Neue Bauprojekte:Wohnen in der Genossenschaft: "Das ist der Jackpot!"

Kooperative Großstadt,  junge Wohnungsbaugenossenschaft im Kulturraum Lothringer 13

Vorstand Christian Hadaller (r.) und einige Mitgründer der Kooperative Großstadt stellen bei einem Informationstreffen in Haidhausen ihr Projekt vor.

(Foto: Florian Peljak)
  • Die Stadt vergibt immer mehr Grundstücke an Wohnungsgenossenschaften.
  • Wer in eine solche Genossenschaft eintritt, soll in absehbarer Zeit und unbefristet eine bezahlbare Wohnung bekommen.
  • Nun finden sich ganz neue Gruppen zusammen, die ihre ersten Häuser planen - wie die "Kooperative Großstadt" etwa in Riem.

Von Anna Hoben

Der Mann mit dem Hipsterbart, letzte Reihe, direkt an der Eingangstür, er fasst nach anderthalb Stunden nochmals zusammen: "Hab' ich das richtig verstanden? Man kriegt für 50 000 Euro lebenslanges Wohnrecht, und man ist unkündbar, in München. Das ist der Jackpot!" Lachen, Nicken, Murmeln.

Ja, klar: in eine Genossenschaft eintreten und in absehbarer Zeit und auf unbefristete Zeit eine Wohnung mit bezahlbarer Miete bekommen, besser geht es kaum. Deshalb ist der Begegnungsraum der Haidhauser Kunsthalle Lothringer 13 an diesem Abend rappelvoll. So voll, dass neue Stühle herangeschleppt werden, so voll, dass einige am Eingang stehen müssen, so voll, dass jemand nach vorne ruft, draußen vor der Tür warteten noch drei Rollstuhlfahrer, wo die sich denn nun noch hinstellen könnten.
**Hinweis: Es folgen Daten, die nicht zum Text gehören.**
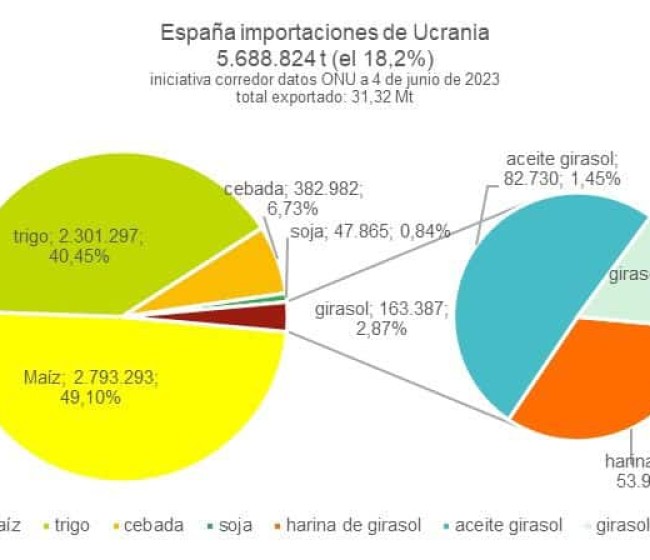 España importó ya cerca de 5,7 Mt de cereales y oleaginosas de Ucrania a través del corredor marítimo del Mar Negro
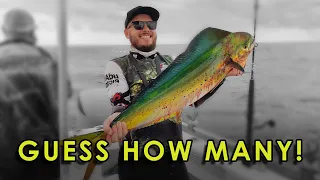 Yamba Offshore Fishing for Mahi Mahi (dolphinfish)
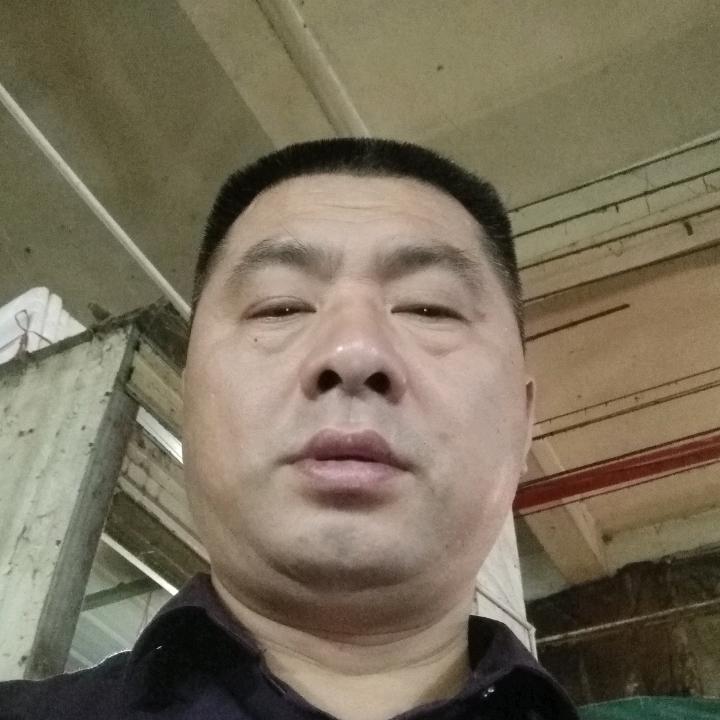 鸡胖你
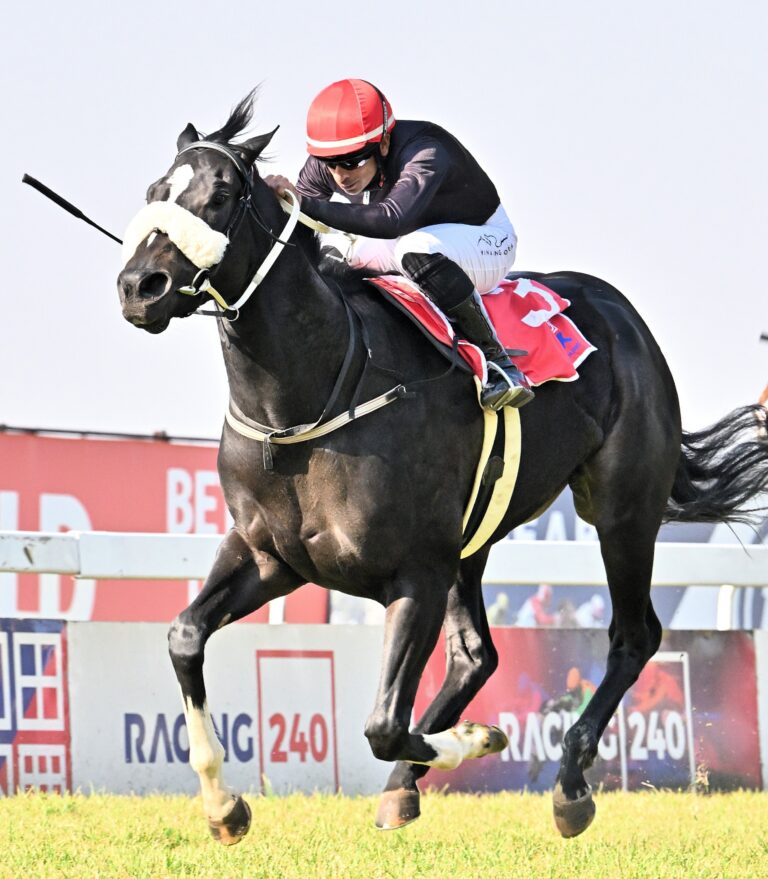 Summer Cup aspirants line up at Turffontein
Auch um viertel nach Sieben drängen noch Leute nach, jemand ruft: "Das ist zu klein hier", und damit ist man passenderweise genau beim Thema, diesem Münchner Grundproblem: immer mehr Menschen, wo sollen die bloß alle hin. Zu wenig Wohnraum, die Stadt zu eng. Ungefähr 70 bis 80 Menschen sind gekommen, um zu hören, was die "Kooperative Großstadt" vorhat, zunächst auf dem Grundstück, für das sie im vergangenen Dezember den Zuschlag von der Stadt erhalten hat. Seit Oktober 2015 ist die "Kooperative Großstadt" als Genossenschaft im Handelsregister eingetragen, 45 Mitglieder hat sie mittlerweile und jede Menge Ideen, die mit der Grundstückszusage nun immer konkreter werden.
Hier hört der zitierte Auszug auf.